Simon Rio
European Strategic Autonomy (hereafter referred to as ESA) has often been seen as a “buzzword”, encompassing several meanings and realities revolving around Europe’s security and foreign policy (Järvenpää et al., 2019). Its ambiguity and interchangeability with other concepts such as “European Army” or “European Sovereignty” led several policymakers and scholars to try to precisely define and conceptualise it (see Anghel et al., 2020; Mauro, 2018), but no consensus has been reached: European countries—when they do not oppose it—fail to agree on ESA’s precise meaning, scope, and end (Arteaga et al., 2016; Franke & Varma, 2019; Libek, 2019; Jarpenvaa et al., 2019). Different reasons are invoked to explain such disagreements. As we shall see later in this paper, these positions relate to the wider theoretical debate on European integration in foreign and security policy, a debate on which all three major traditions of IR theory—respectively Realism, Constructivism, and Liberal Institutionalism—have a view.

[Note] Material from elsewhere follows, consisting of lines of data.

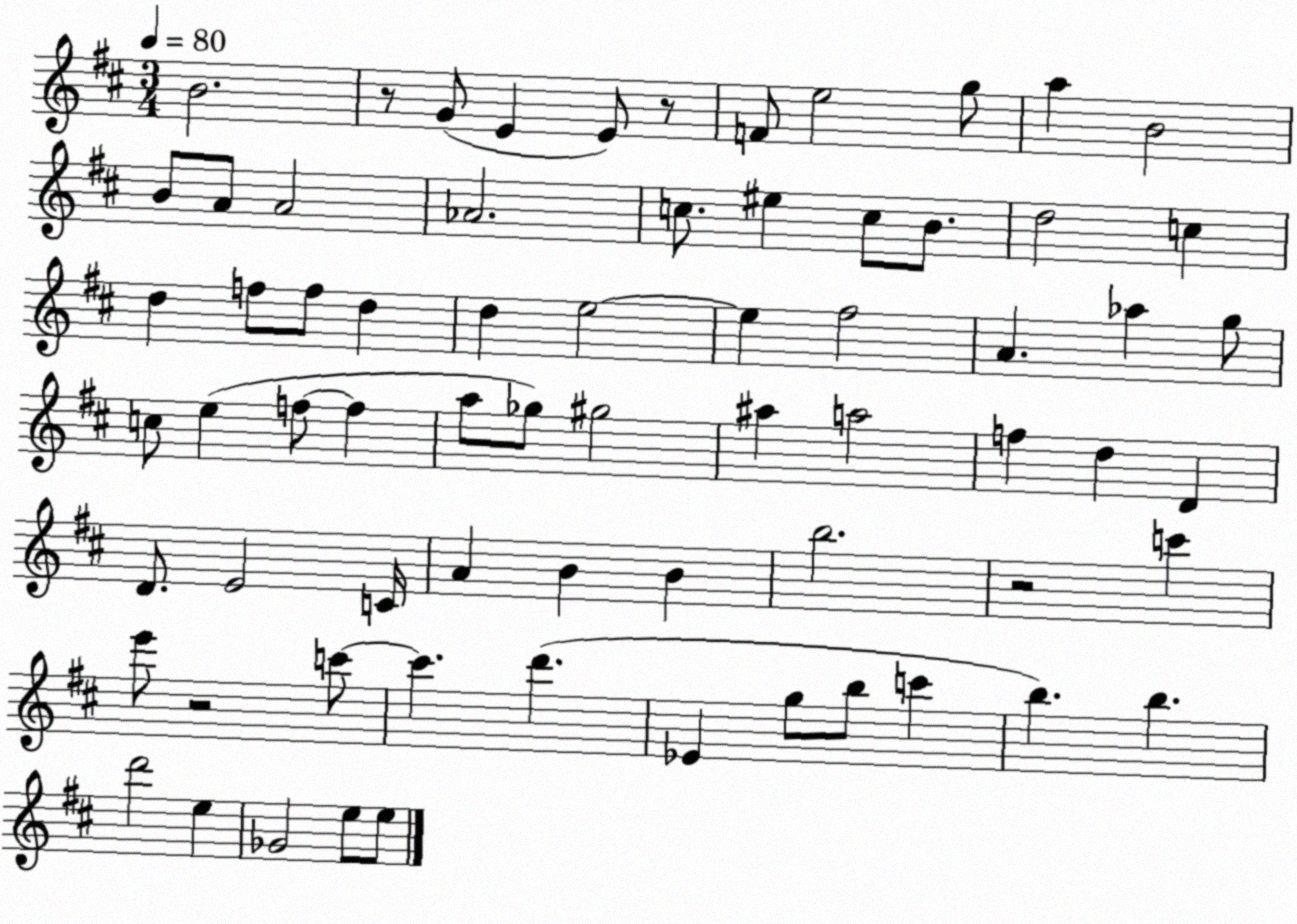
X:1
T:Untitled
M:3/4
L:1/4
K:D
B2 z/2 G/2 E E/2 z/2 F/2 e2 g/2 a B2 B/2 A/2 A2 _A2 c/2 ^e c/2 B/2 d2 c d f/2 f/2 d d e2 e ^f2 A _a g/2 c/2 e f/2 f a/2 _g/2 ^g2 ^a a2 f d D D/2 E2 C/4 A B B b2 z2 c' e'/2 z2 c'/2 c' d' _E g/2 b/2 c' b b d'2 e _G2 e/2 e/2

Some scholars believe that these diverging positions can be explained more easily through rationalist and materialist considerations about states’ interests (Krotz & Maher, 2011; Monaghan, 2023). Others argue that the diversity of national “strategic cultures” in Europe—which Meyer defines as principles, values, and perceptions regarding a state’s global responsibilities and its understanding of security challenges (Meyer, 2006)—accounts for the lack of convergence over ESA (see Zandee et al., 2020). Finally, some contend that the main challenges to ESA are coordination between European states over security policies, a gap between rhetoric and actions and the difficulties in identifying common European Union (EU) policy objectives for security and foreign policy (Dorosh and Lemko, 2023).